Deputados confundem conservadorismo com preconceito até em questões burocráticas
Um surto de obscurantismo quase custou R$ 10 bilhões por ano ao governo. A Câmara gastou quase 30 minutos na última semana batendo boca sobre o uso da palavra “gênero” em cadastros do INSS. Por pouco, a medida provisória de Bolsonaro para rever benefícios previdenciários não foi derrubada.
O texto em discussão no plenário na noite de quarta (29) dizia que registros enviados pelos cartórios deveriam conter nome, CPF, gênero, data e local de nascimento ou morte dos indivíduos. Deputados que confundem conservadorismo com preconceito protestaram. Enxergaram ideologia num trecho burocrático e tentaram tirar o termo da lei.

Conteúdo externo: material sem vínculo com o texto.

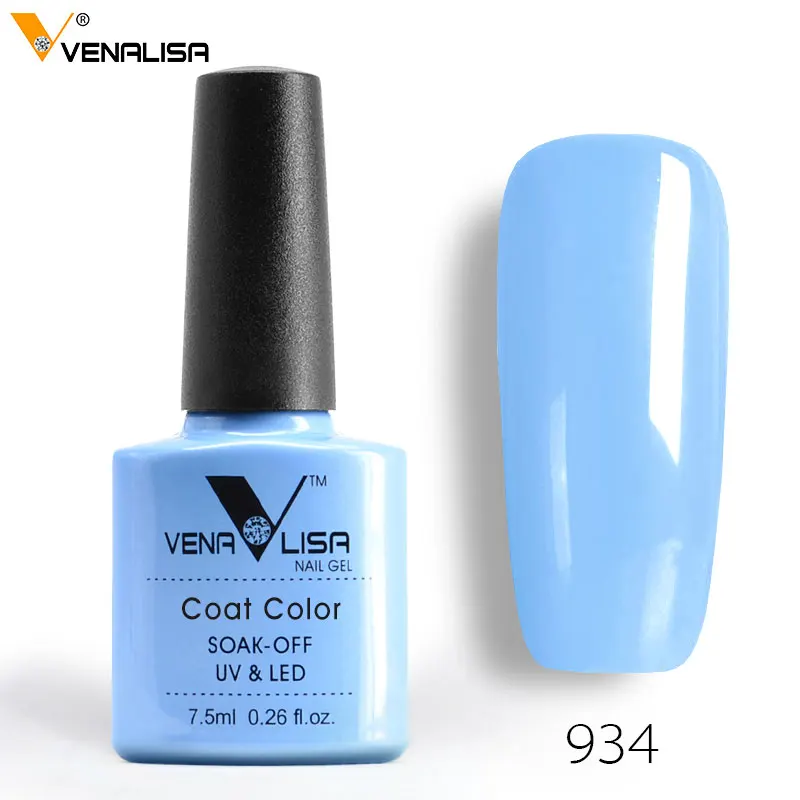 Venalisa лазерный волшебный Красочный Блестящий пигмент для дизайна ногтей для украшения ногтей хромированный порошок лак для ногтей для маникюра - Цвет: 934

Os parlamentares queriam trocar “gênero” por “sexo”, como se isso fizesse diferença na papelada. A mudança não foi possível, porque a proposta já havia sido aprovada numa comissão. O tumulto se instalou, e os partidos de esquerda atacaram. “Tem gente que quer voltar para a Idade Média, talvez das trevas”, disparou Fernanda Melchionna (PSOL).
Deputados alinhados à agenda econômica do governo perceberam que o impasse era perigoso. Kim Kataguiri (DEM) tentou enterrar a questão. “Nós estamos discutindo o sexo dos anjos aqui!”, queixou-se.
A bancada evangélica não desistiu. O pitoresco Pastor Sargento Isidório (Avante) —aquele que se ofereceu para uma conversa de doido com doido com Bolsonaro— era o mais impaciente: “Deus criou macho e fêmea, homem e mulher. Gênero é cadeira, é mesa, é sapato...”.
O PSOL tentou falar a mesma língua. “Cadeira é do gênero feminino, e não é sexo. Nunca vi cadeira trepando! Isso aqui é uma casa de loucos!”, resumiu Edmilson Rodrigues.
No fim, o Planalto pediu que o texto fosse aprovado e disse que apresentaria um projeto para mudá-lo depois. Como se vê, o retrocesso continua na agenda do governo. Na sexta (31), Bolsonaro aproveitou um evento com pastores para criticar o julgamento do STF que deve tornar crime a homofobia. Em partes de Brasília, o atraso ainda está na moda.